8 Best Patio Plants for a Beautiful Outdoor Space

The garden shop may sell croton plants (Codiaeum variegatum) as houseplants, but they make great patio plants and grow bigger in sun and rain. Leathery rainbow-hued leaves thrive in full sun with minimal watering.


Few plants attract pollinators like free-flowering pentas (Pentas lanceolata). Pentas, also known as star flower, Egyptian Star Flower, or Star Cluster, bloom in plump


Lantana plants (Lantana camara) are often considered invasive in warm climates, however barren varieties like "New Gold" decrease their spread. When warm and bright, plants bloom continually and tolerate drought


Coleus (Plectranthus scutellarioides) has one great benefit. The emergence of new cultivars in recent years has created different leaf hues to compliment any garden design.


After flowering, plants decline, but you may propagate more by repotting pups around the mother. They're usually houseplants, although potted plants may thrive in warm conditions.

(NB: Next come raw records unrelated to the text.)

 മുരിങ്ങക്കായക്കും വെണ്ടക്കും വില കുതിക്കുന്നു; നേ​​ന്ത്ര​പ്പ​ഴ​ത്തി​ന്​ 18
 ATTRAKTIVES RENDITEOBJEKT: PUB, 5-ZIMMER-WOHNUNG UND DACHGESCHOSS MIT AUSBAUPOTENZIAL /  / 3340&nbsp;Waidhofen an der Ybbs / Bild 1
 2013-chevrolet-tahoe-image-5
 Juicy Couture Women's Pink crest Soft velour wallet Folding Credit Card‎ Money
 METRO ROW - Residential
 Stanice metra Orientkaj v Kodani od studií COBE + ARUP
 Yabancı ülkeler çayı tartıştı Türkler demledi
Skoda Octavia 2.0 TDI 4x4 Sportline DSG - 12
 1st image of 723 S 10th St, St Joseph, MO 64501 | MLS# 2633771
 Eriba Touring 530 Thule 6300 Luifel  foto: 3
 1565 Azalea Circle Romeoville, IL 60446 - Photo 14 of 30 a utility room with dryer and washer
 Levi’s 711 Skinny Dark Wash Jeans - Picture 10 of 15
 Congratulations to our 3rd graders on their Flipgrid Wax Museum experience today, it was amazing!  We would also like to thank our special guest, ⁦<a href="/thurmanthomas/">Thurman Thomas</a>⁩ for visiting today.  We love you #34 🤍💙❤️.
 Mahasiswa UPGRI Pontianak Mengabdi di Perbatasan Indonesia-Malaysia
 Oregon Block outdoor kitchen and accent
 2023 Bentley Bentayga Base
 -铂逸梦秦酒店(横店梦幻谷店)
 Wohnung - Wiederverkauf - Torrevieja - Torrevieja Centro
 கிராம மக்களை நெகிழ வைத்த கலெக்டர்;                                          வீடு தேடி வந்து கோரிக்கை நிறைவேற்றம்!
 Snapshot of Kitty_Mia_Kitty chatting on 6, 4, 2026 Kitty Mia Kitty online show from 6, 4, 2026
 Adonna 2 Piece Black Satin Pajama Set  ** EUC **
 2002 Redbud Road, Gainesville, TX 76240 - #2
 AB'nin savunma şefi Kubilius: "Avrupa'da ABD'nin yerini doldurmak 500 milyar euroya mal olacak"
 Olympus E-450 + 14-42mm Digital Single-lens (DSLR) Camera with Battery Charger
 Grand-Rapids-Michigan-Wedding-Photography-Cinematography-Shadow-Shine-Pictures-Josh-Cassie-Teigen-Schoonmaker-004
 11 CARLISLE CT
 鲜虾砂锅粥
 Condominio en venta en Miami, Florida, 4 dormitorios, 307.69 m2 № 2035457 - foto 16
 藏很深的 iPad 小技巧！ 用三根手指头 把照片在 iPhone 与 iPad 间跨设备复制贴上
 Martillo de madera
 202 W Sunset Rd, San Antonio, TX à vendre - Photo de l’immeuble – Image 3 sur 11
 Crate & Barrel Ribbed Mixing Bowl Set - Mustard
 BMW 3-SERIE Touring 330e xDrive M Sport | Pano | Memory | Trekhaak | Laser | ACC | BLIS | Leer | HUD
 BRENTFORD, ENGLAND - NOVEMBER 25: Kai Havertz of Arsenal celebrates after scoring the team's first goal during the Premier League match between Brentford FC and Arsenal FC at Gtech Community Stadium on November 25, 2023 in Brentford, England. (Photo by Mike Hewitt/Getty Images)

Caladiums (Caladium spp.) thrive in full shade, unlike other patio plants. Cold weather bothers caladiums. In chilly soil, bulbs develop slowly or not at all, but in summer, they sprout overnight.


Many gardeners avoid impatiens because to downy mildew, however New Guinea impatiens (Impatiens hawkeri) are disease-resistant. Keep pots of these vibrant flowers wet and in a shaded patio area to avoid afternoon light.

New Guinea Impatiens

This low-maintenance bloom is a good container plant and disease-resistant. This plant needs six hours of light, thus it must be irrigated to keep the soil wet but not saturated.